Repelita Papua Pegunungan - Tewasnya Lamek Alipky Taplo, Panglima Kodap XV Ngalum Kupel dari Organisasi Papua Merdeka, menjadi sorotan luas di kalangan masyarakat Papua. Ia dikenal sebagai salah satu tokoh bersenjata paling dominan di wilayah Pegunungan Bintang.
Lamek dilaporkan tewas dalam sebuah operasi senyap yang dilancarkan oleh personel TNI dari Komando Operasi Swasembada Papua. Operasi tersebut berlangsung intensif di Distrik Kiwirok, Kabupaten Pegunungan Bintang, pada akhir pekan lalu.
Dalam operasi itu, TNI menggunakan dukungan drone tempur milik Angkatan Darat. Lamek tewas bersama tiga anak buahnya dalam serangan yang diklaim sebagai hasil dari pengintaian dan penyelidikan panjang terhadap aktivitas kelompok bersenjata yang kerap meneror warga sipil dan tenaga kerja non-Papua.
Asisten Intelijen Koops Swasembada Papua, Letkol Inf M. Renaldy H., menyatakan bahwa operasi tersebut merupakan tindak lanjut dari informasi intelijen yang menunjukkan adanya konsolidasi kelompok bersenjata pimpinan Lamek. Ia menyebut kelompok tersebut selama ini aktif melakukan pemerasan, intimidasi, dan serangan terhadap masyarakat maupun aparat.
Renaldy menambahkan bahwa Lamek bukanlah nama baru dalam daftar pelaku kekerasan di Papua. Sejak tahun 2020, kelompoknya dikenal sebagai ancaman serius bagi pekerja proyek infrastruktur dan masyarakat di Pegunungan Bintang.

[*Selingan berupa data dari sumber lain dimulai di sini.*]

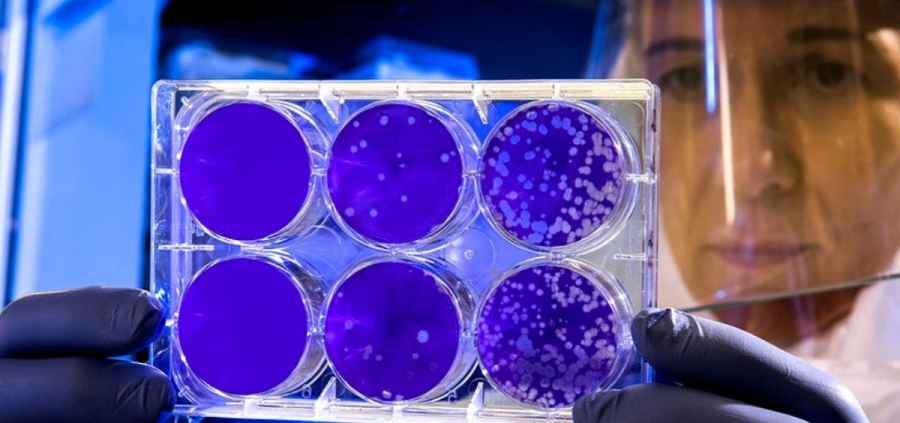 Se trata del molnupiravir, cuyos estudios comenzaron el año pasado por parte de investigadores de la Universidad de Georgia. Qué efectividad tendrá, según los especialistas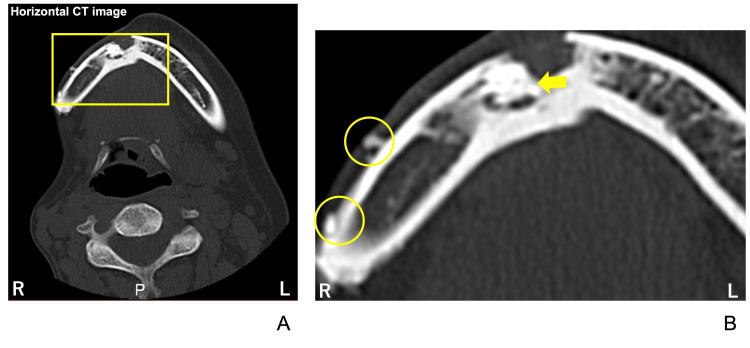 Figure 6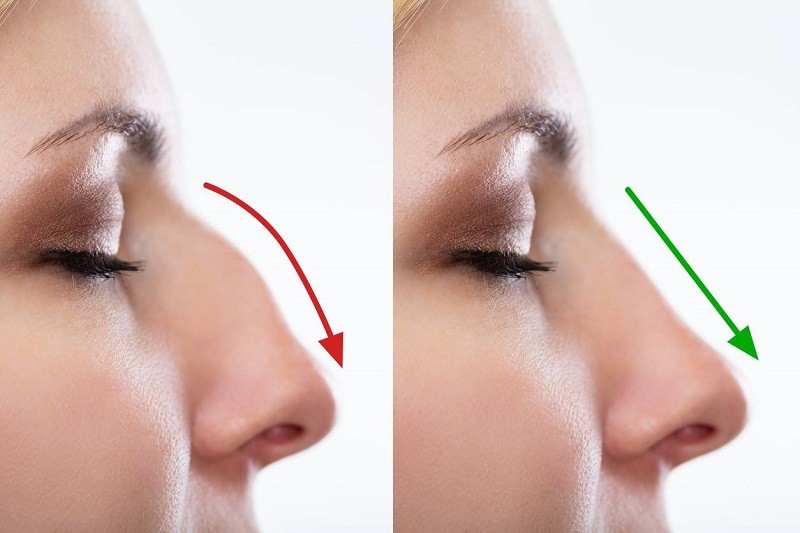  rhinoplastie chirurgie esthétique avant après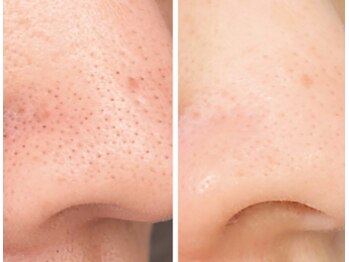 ママナ(mamana)/お顔全部毛穴スッキリ!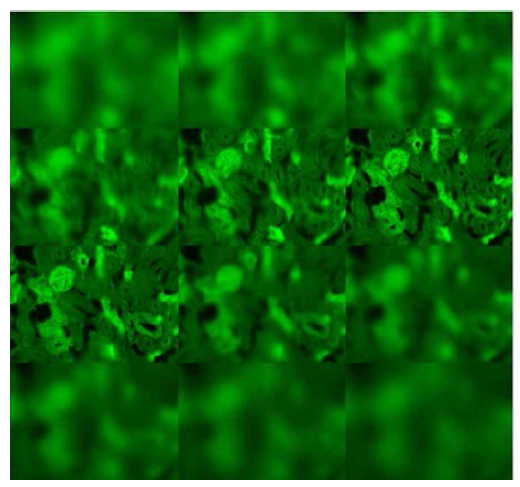 5μm 초점 간격으로 측정한 형광 현미경 이미지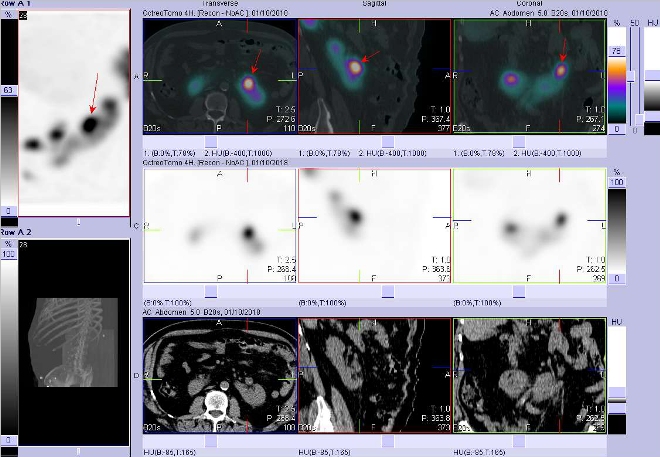 Obr. č. 6: Fúze obrazů SPECT a CT. Vyšetření 4 hod. po aplikaci radioindikátoru. Zaměřeno na ložisko v dutém systému levé části podkovovité ledviny.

Ia juga menyebut Lamek sebagai salah satu pimpinan OPM paling aktif dan radikal di wilayahnya. Rekam jejak kekerasan kelompok ini mencakup serangan terhadap pekerja Jalan Trans Papua pada 2 Maret 2020, perampasan senjata dari Pospol Subsektor Oksamol pada 28 Mei 2021, serta penyerangan terhadap Satgas Pamtas 403/WP.
Kelompok ini juga bertanggung jawab atas pembakaran Puskesmas Kiwirok dan pembunuhan tenaga kesehatan pada 13 September 2021. Mereka menembaki pesawat Smart Aviation pada 8 Oktober 2021 dan membakar sekolah serta fasilitas umum di Kiwirok dan Serambakon pada Desember tahun yang sama.

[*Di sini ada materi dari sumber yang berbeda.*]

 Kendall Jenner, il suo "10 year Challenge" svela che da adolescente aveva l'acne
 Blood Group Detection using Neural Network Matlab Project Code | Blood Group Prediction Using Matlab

Dalam kurun waktu 2022 hingga 2025, kelompok ini terus melakukan penyerangan terhadap aparat TNI-Polri di berbagai titik terpencil, menggunakan senjata api hasil rampasan. Bahkan pada Oktober 2025, mereka menembaki helikopter pembawa bantuan kemanusiaan dan membakar sekolah, gereja, serta puskesmas di Distrik Kiwirok.
Rangkaian aksi tersebut memperburuk situasi keamanan di Pegunungan Bintang dan memaksa ribuan warga sipil mengungsi ke daerah yang lebih aman. Tewasnya Lamek dinilai sebagai pukulan besar bagi jaringan OPM di wilayah timur Papua.
Keberhasilan operasi ini menjadi sinyal bahwa aparat keamanan semakin tegas dalam menindak kelompok bersenjata yang menebar teror. Pemerintah daerah menyambut langkah tersebut dengan harapan terciptanya stabilitas baru di wilayah yang selama ini rawan konflik.
Selain itu, keberhasilan ini juga membuka harapan baru bagi para tenaga kerja dari luar Papua yang selama ini hidup dalam ketakutan. Dengan tewasnya tokoh utama di balik berbagai serangan, diharapkan situasi keamanan dapat segera pulih.
Aparat TNI dan Polri kini terus melakukan penyisiran lanjutan untuk memastikan tidak ada lagi perlawanan dari sisa anggota kelompok Lamek. Meski demikian, aparat tetap mewaspadai potensi aksi balasan dari jaringan OPM di wilayah lain.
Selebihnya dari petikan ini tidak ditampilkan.